どしゃぶり☆プリン(2)「アンパンマン」

「僕の顔をお食べ」
 アンパンマンが困ってる子(主にお腹がすいた子)に対する施し。そもそも1976年に刊行された絵本「あんぱんまん」では、顔の総面積の半分まで齧らせるなど当たり前。子供に完全に頭を食われて、頭部が消え去った状態で飛行することすらあったらしい。アニメ版ではすこし分け与える程度だが、異質な設定であることは確か。
 元々、異質だったとは不覚。いじるとすれば、場面は夕暮れ。ズラリとならぶ子供たち。浮浪者も混じっている。ひたすら「頭」を分け与える。誰一人お礼を口にすることなく、受け取っては齧り、立ち去る。無表情の面々と、無表情のアンパンマンと、新しい顔を渡すジャムおじさん。
 とうとうと流れる川には、食べ残しと思われるカケラが浮かんでいる。しばらくして在庫がきれると、アンパンマンが「店じまい」と発し、踵をかえす。その背に向って「お腹がすいたよ、飢えて死んでしまうよ」と、姿が消えるまで叫んでいる子供と浮浪者たち。
 家。顔が濡れると力がでないので、頭を外した状態で風呂に入る。身体は濡れてよいのか。などと指摘してはいけない。無粋である。一方、バタ子とジャムおじさんがパン工場で新しい顔をひたすら仕込んでいる。
 怖い。やはり、適度に分け与えるぐらいで調度いい。

「アンパンチ」
 片腕を後ろに引いて力を溜め、そこから渾身のパンチを放つ。吹き飛ぶバイキンマン。しかし、暴力で悪を排除するという話ではないそうだ。アンパンマンとバイキンマンの闘いは、良い心と悪い心の象徴である。悪い心を自身のアンパンチで制御しながら、バランスを保つ人間そのものを表しているという。深い。単にバイオレンスの度合いを高めて、そのやり過ぎ具合で読者を笑わせようなど、軽佻浮薄、笑止千万、俗悪、下品、筆舌につくし難き下種の極み。陰と陽、バイキンマンとアンパンマン、やなせたかし恐るべし。この私がいじってよい作品ではない。

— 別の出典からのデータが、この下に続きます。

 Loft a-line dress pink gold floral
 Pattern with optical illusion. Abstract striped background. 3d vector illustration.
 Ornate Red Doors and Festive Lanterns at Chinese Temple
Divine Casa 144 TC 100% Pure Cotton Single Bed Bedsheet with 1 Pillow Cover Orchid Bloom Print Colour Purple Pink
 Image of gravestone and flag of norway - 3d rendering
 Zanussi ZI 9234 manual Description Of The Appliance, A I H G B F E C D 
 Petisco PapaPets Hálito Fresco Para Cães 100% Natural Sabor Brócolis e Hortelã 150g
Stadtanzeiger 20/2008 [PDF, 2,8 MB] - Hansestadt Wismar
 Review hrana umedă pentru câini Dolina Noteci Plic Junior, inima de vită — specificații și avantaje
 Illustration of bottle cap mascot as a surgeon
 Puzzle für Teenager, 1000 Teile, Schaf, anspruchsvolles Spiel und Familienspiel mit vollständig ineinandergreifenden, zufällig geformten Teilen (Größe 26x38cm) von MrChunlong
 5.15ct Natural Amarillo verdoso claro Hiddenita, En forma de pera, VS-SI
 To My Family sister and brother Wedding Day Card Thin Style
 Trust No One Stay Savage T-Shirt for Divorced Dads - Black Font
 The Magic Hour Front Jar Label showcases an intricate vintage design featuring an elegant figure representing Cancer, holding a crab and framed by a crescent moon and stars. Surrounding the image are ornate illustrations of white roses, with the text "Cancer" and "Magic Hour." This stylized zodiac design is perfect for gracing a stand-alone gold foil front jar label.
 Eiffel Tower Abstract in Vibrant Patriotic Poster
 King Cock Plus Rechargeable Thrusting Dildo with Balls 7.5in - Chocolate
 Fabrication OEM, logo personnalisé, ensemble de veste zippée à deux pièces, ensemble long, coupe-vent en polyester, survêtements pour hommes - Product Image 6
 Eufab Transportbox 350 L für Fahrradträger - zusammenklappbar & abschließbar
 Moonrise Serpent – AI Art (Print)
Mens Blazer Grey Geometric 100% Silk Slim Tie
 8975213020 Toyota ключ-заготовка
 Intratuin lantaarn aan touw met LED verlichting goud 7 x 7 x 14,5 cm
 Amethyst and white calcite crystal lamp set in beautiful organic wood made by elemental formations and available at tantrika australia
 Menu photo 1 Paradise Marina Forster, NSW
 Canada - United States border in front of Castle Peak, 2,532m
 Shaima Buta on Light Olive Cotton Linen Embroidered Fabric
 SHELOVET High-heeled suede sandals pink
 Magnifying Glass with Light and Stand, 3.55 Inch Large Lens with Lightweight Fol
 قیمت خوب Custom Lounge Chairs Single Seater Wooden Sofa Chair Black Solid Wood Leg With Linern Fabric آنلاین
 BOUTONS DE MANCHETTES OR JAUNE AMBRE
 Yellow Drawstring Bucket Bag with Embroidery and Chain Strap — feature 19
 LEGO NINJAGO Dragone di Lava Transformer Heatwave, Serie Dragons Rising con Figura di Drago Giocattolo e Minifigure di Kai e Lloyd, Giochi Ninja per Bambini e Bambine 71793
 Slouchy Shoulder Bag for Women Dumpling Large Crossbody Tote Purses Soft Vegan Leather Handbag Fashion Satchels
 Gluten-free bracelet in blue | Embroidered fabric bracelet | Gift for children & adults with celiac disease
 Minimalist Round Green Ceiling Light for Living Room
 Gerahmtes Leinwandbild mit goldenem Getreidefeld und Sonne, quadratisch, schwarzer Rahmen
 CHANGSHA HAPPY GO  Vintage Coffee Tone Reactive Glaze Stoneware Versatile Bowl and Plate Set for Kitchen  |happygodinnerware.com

 アンパンマンをいじる。大体は、エロ、バイオレンス、アメコミヒーロー風にアレンジする。まさに、軽佻浮薄、笑止千万、俗悪、下品、筆舌につくし難き下種の極み。原作、アニメこそ至高。人の作品をいじっている場合ではない。自分にとっての「アンパンマン」をつくるべきだ。
 2回目にしてその存在意義が疑われる「どしゃぶり☆プリン」だが、9月末までつづく予定。故に、テーマについては慎重に選ぶべし。しかし、次回は1週間後である。そんな反省もどこ吹く風、喉元過ぎれば熱さを忘れ、ネタに困れば女子供でもいじる。無頼派。私は。まて。無頼派と、自称した時点で「無頼派」という言葉に頼っている。語るに落ちる。
 もはや閉口。心の平衡感覚は創作によって乱れ、創作によって整えられ、またそれを踏みにじる。傷心を癒すため、アンパンマンに頭のカケラを分けてもらい、悪文を書きそうになったらアンパンチで空の彼方に吹き飛ばしてもらいたい。